I never understood those women, who felt like jumping under a bus when listening to your songs, your music kept me going, they did not. I needed the contact to relate and that is something I felt we probably shared. Sometimes I read your verses to a woman, as a test, it was not always polite. But the love of women was a very large piece of the home-made pie of your life and thought, as it has been of mine. And I admire the way you did it, the sheer elegance the words almost caressed the meaning with steely accuracy, the effortlessness.
When it was a struggle to be myself, I knew I had a friend who understood, nodded silently and smiled lightly. I mean I owe a lot to you and Bob. Now if you ask why it is two troubadours…but you will not, you will smile. Your music came and went in fashion, as it goes, but it seems, you had a lot of silent friends, even here, who picked it up every time you reappeared. And your essence remained unchanged, you thinking deeply. I do not know how many I speak for,a lot, judging from the radio all day today, but let it be myself only, I want to thank you for being who you were, an inspiration, food for thought, precious and dear.

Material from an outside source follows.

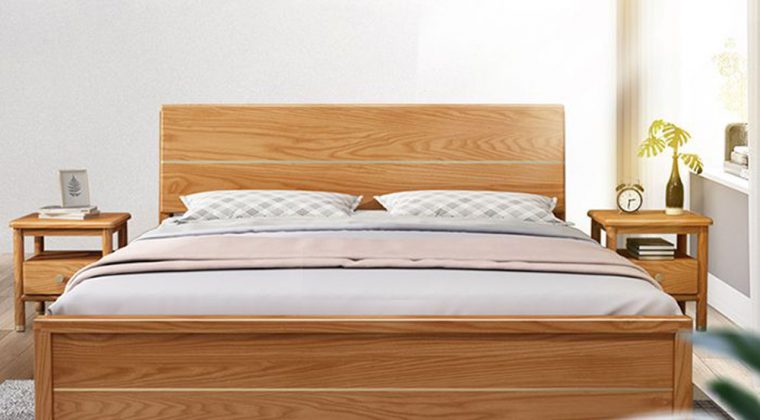 Giường ngủ gỗ tự nhiên hiện đại, giá rẻ - nội thất Acado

I love the way you prepared your exit, meditating. Ready as you were, long ago, as Kavafy said. I also share the feeling that the work of your life is only done when you are, work to the last drop and prepare. I shall try for the same, if I am lucky, I do not think one should leave life unprepared, no, I do not think you should be struck by lightning, make it quick, you need time to prepare a face to meet the darkness, to become one with the energy of the universe again. But then again who knows.
We shall raise a glass for you tonight. And as long as we live, so shall you among us. Thank you.